We find that the latter is better suited for long time
estimates. While $S^E(t)b_{\delta}$ solves the Euler equations,
$\left ( S^E(t)b\right )_{\delta}$ solves suitably modified Euler equations.

We prove uniform $L^p$ bounds that
vanish as $\nu^{\frac{s}{2p}}$ for the difference between  Navier-Stokes
and modified Euler solutions corresponding to  initial
data in Besov spaces 
$b\in{\mbox{\bf Y}}\cap B^{s,\infty}_2(R^2)$. 
We find that the optimal mollification is over
a distance of order $\delta\sim\sqrt{\nu}$, a fact that is consistent
with the estimate for the smallest length scales in two
dimensional turbulence. In order to obtain a short time result it
is enough to mollify the initial datum for the Euler evolution. However, in
order to obtain a long time result we have to mollify the solution. Thus,
the long time approximation follows slightly modified Eulerian dynamics.
The assumptions we require for the long time results are satisfied by
vortex patches with smooth boundaries. 

The main
difficulty is due to the fact that one needs to estimate 
gradients of the Eulerian vorticity. We use the method of (\cite{cw1})
to show that velocity differences are small and we
obtain estimates for the gradients
of the Eulerian vorticity; the smallness of velocity
differences counterbalances the large vorticity gradients.
The {\it non pathwise uniform} results can be used to obtain {\it non-uniform
pathwise} 
results (that is, pathwise results without rates of convergence).
In particular we prove the strong pathwise convergence in $L^p$, $1<p<\infty$. 

\vspace{1cm}

\section{Previous Results}

The Navier-Stokes equations and the Euler equations in $R^2
$ are
$$
\frac{\partial u}{\partial t} +u\cdot \nabla u
=-\nabla p+\nu \Delta u
$$
$$\nabla\cdot u=0$$
where $\nu>0$ in the case of the Navier-Stokes equations, $\nu = 0$ in
that of 
the Euler equation. The corresponding vorticity 
$$
\omega = \nabla^{\perp}\cdot u
$$
satisfies 
$$
\frac{\partial \omega}{\partial t} +u\cdot\nabla \omega= \nu \Delta\omega
$$
and $u$ can be recovered from $\omega $ via
$$
u= \frac{1}{2\pi}\left (\nabla^{\perp}\log (|\cdot |)\right )* \omega .
$$
The notation $\nabla^{\perp}$ refers to the gradient rotated by 90 degrees.

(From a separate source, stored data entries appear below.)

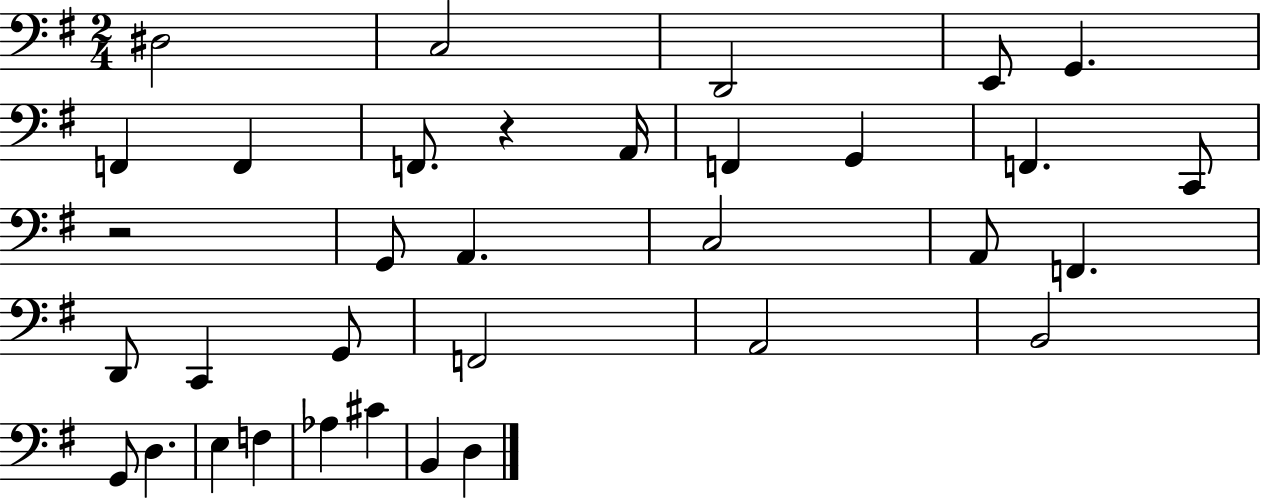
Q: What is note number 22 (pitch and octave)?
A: F2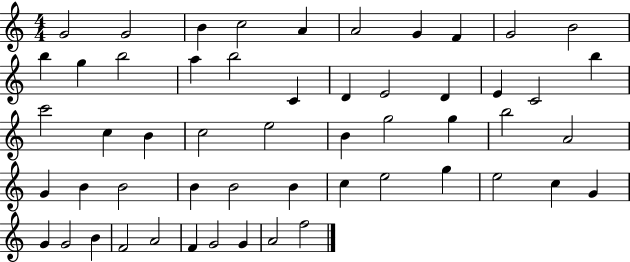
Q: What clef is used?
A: treble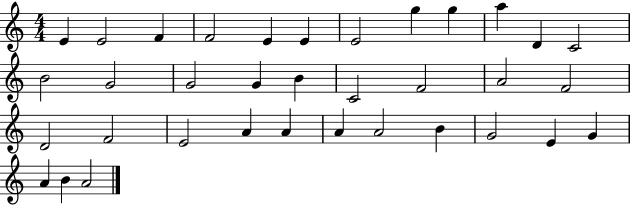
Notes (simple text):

E4/q E4/h F4/q F4/h E4/q E4/q E4/h G5/q G5/q A5/q D4/q C4/h B4/h G4/h G4/h G4/q B4/q C4/h F4/h A4/h F4/h D4/h F4/h E4/h A4/q A4/q A4/q A4/h B4/q G4/h E4/q G4/q A4/q B4/q A4/h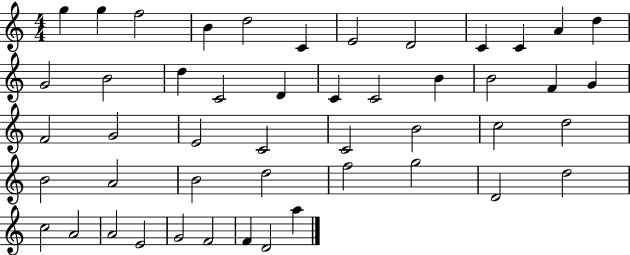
{
  \clef treble
  \numericTimeSignature
  \time 4/4
  \key c \major
  g''4 g''4 f''2 | b'4 d''2 c'4 | e'2 d'2 | c'4 c'4 a'4 d''4 | \break g'2 b'2 | d''4 c'2 d'4 | c'4 c'2 b'4 | b'2 f'4 g'4 | \break f'2 g'2 | e'2 c'2 | c'2 b'2 | c''2 d''2 | \break b'2 a'2 | b'2 d''2 | f''2 g''2 | d'2 d''2 | \break c''2 a'2 | a'2 e'2 | g'2 f'2 | f'4 d'2 a''4 | \break \bar "|."
}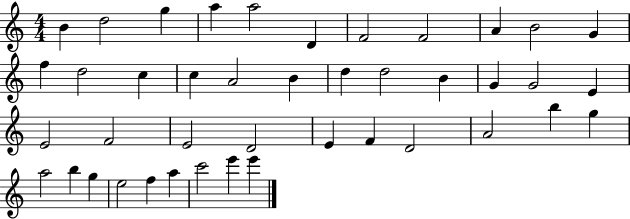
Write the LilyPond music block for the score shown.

{
  \clef treble
  \numericTimeSignature
  \time 4/4
  \key c \major
  b'4 d''2 g''4 | a''4 a''2 d'4 | f'2 f'2 | a'4 b'2 g'4 | \break f''4 d''2 c''4 | c''4 a'2 b'4 | d''4 d''2 b'4 | g'4 g'2 e'4 | \break e'2 f'2 | e'2 d'2 | e'4 f'4 d'2 | a'2 b''4 g''4 | \break a''2 b''4 g''4 | e''2 f''4 a''4 | c'''2 e'''4 e'''4 | \bar "|."
}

We consider the evolution in the vorticity space ${\mbox{\bf Y}}$
$$
{\mbox{\bf Y}} = L^1(R^2)\cap L^{\infty}_{c}(R^2)
$$
of bounded functions with compact support; the norm is the sum of the
$L^1$ and $L^{\infty}$ norms.
The solutions 
$$
S^{NS}(t)a_0 = \omega^{NS}(x,t) 
$$
and
$$
S^{E}(t)a_0 = \omega^{E}(x,t) 
$$
of the Navier-Stokes and, respectively Euler equation,
corresponding to initial datum $\omega (x,0) =a_0\in {\mbox{\bf Y}}$,
exist for all $t\ge 0$, ($t\in R$) and are unique.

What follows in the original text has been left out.